= Exercise details =
If any record holds an image, omit the image and print the rest exactly.

= Task data =
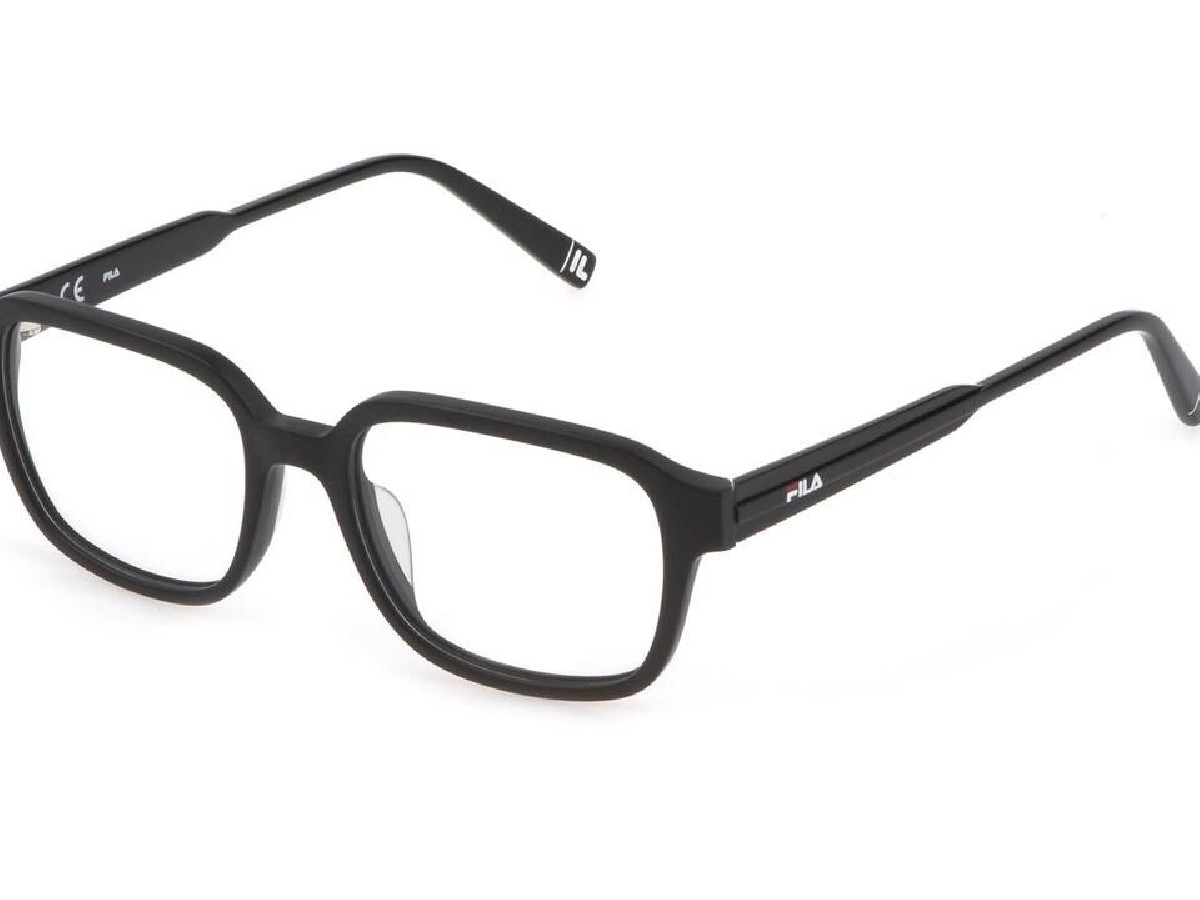 Fila - VFI303 - 510703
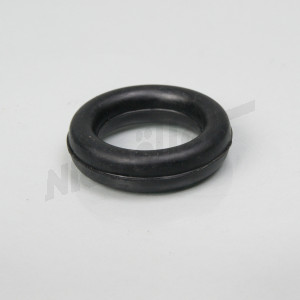 D 49 143 - rubber ring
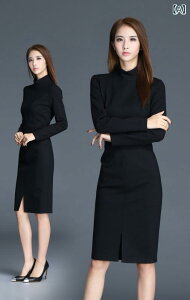 ���f�B�[�X ���� �H�~ �G�� ���ꂢ�� ��i �`�F�b�N�� �t �� ed 5070 �t�@�b�V���� �ۉ� �� �� �C�g�� ���� �� �t�� �����s�[�X�� �Ȃ����킹��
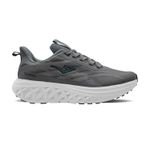 Tenis-Gris-Hombre-Everlast-----Talla-41-0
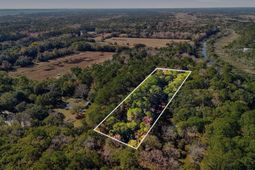 0 Bryans Dairy Road photo 4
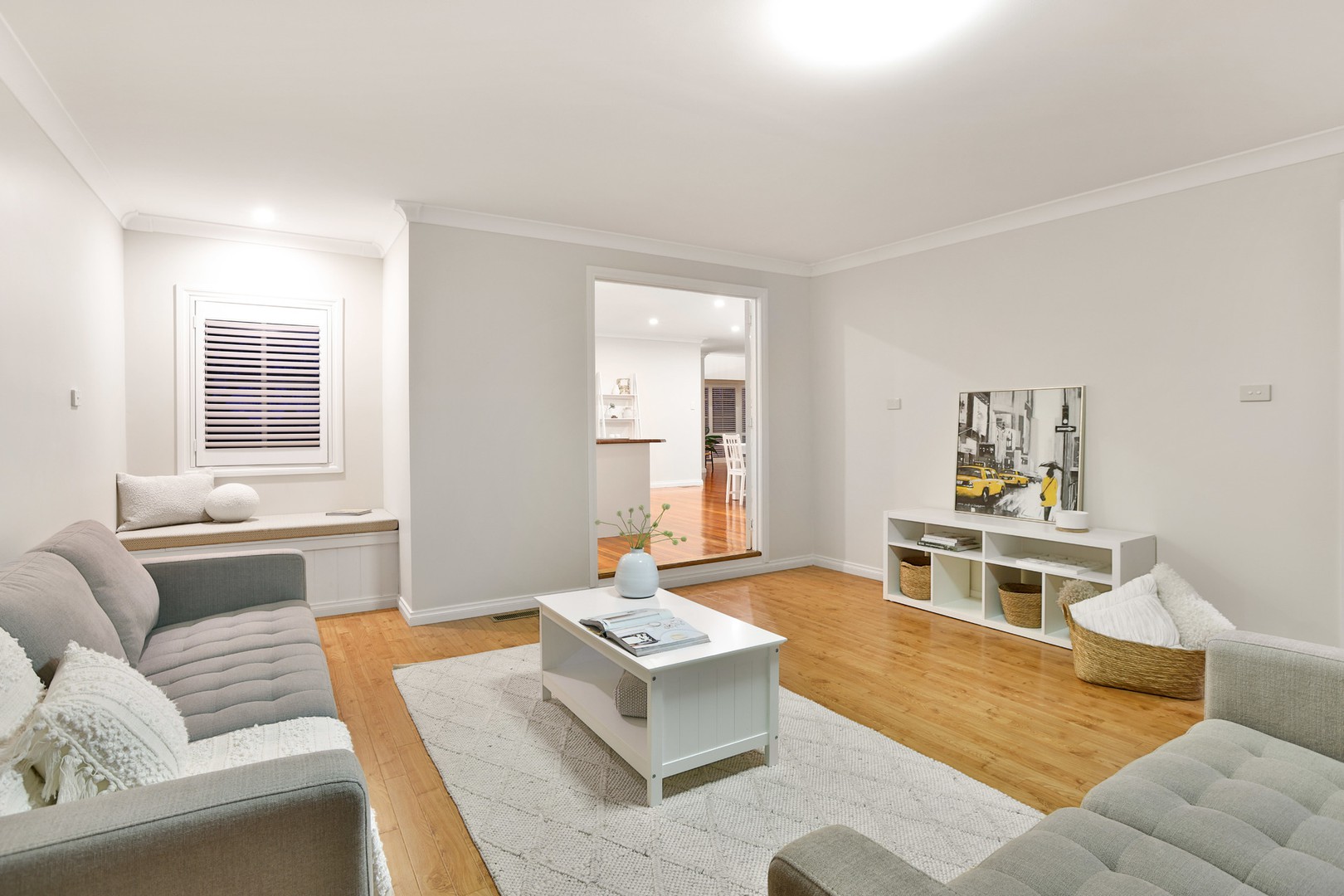 477 Sandilong Avenue, Irymple, VIC 3498, Irymple - Thumbnail 7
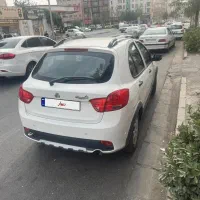 ۴۰۱ معمولی بی رنگ شاسی پلمپ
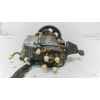Recambio de bomba inyeccion para nissan terrano ii (r20) 2.7 tdi 4wd referencia OEM IAM 167007F406  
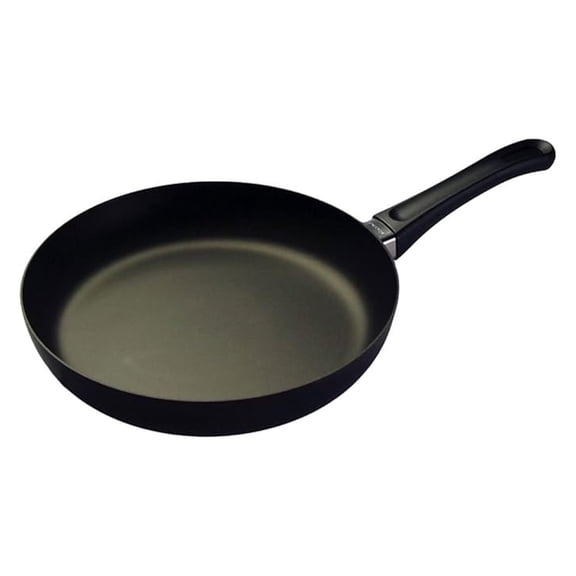 Classic Nonstick Fry Pan 11"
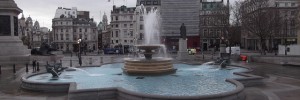 emptytraf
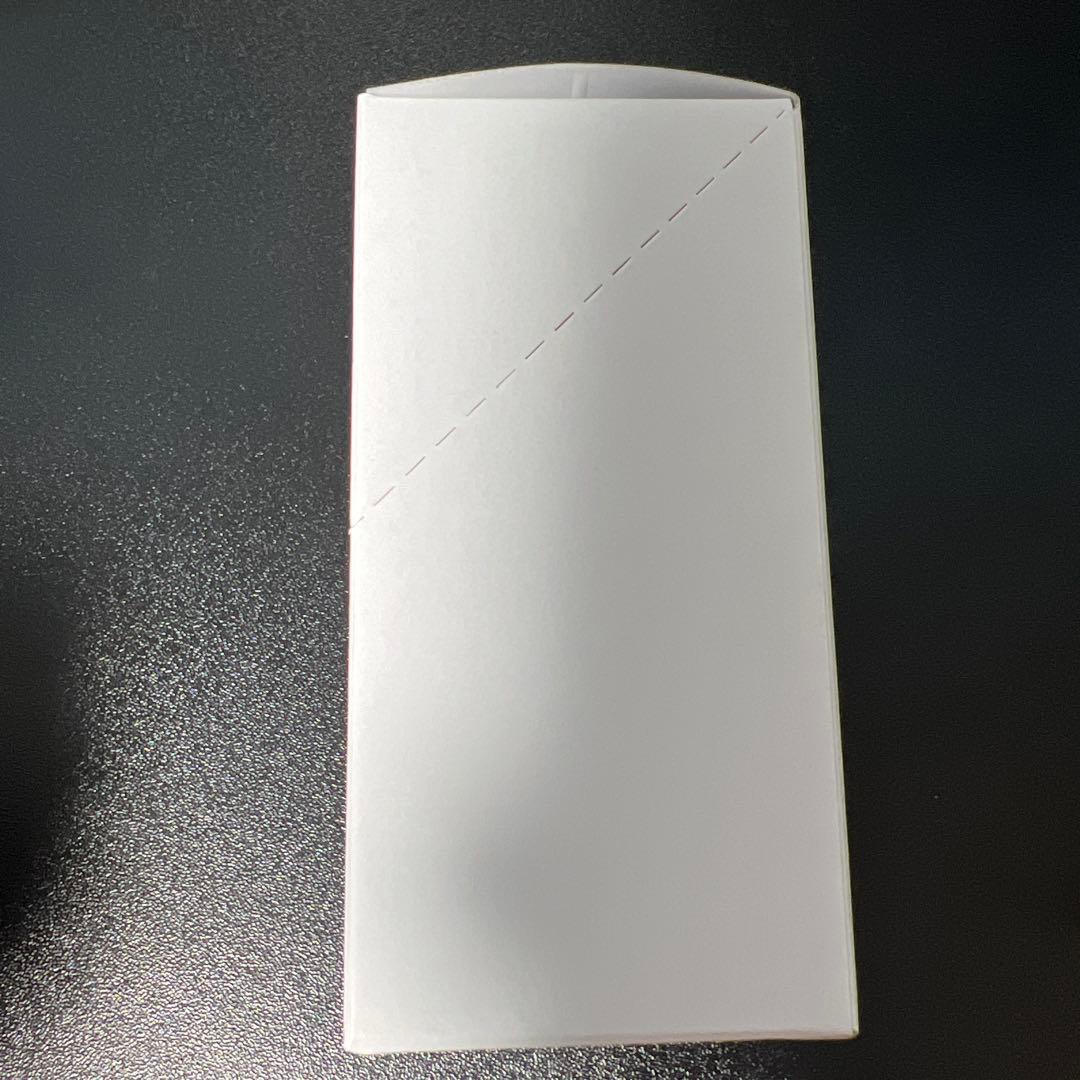 【新品未開封】ストレンジャーシングス　ミニブロマイドコレクション　全44種類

= Answer to this problem =
 Fila - VFI303 - 510703
 D 49 143 - rubber ring
 ���f�B�[�X ���� �H�~ �G�� ���ꂢ�� ��i �`�F�b�N�� �t �� ed 5070 �t�@�b�V���� �ۉ� �� �� �C�g�� ���� �� �t�� �����s�[�X�� �Ȃ����킹��
 Tenis-Gris-Hombre-Everlast-----Talla-41-0
 0 Bryans Dairy Road photo 4
 477 Sandilong Avenue, Irymple, VIC 3498, Irymple - Thumbnail 7
 ۴۰۱ معمولی بی رنگ شاسی پلمپ
Recambio de bomba inyeccion para nissan terrano ii (r20) 2.7 tdi 4wd referencia OEM IAM 167007F406  
 Classic Nonstick Fry Pan 11"
 emptytraf
 【新品未開封】ストレンジャーシングス　ミニブロマイドコレクション　全44種類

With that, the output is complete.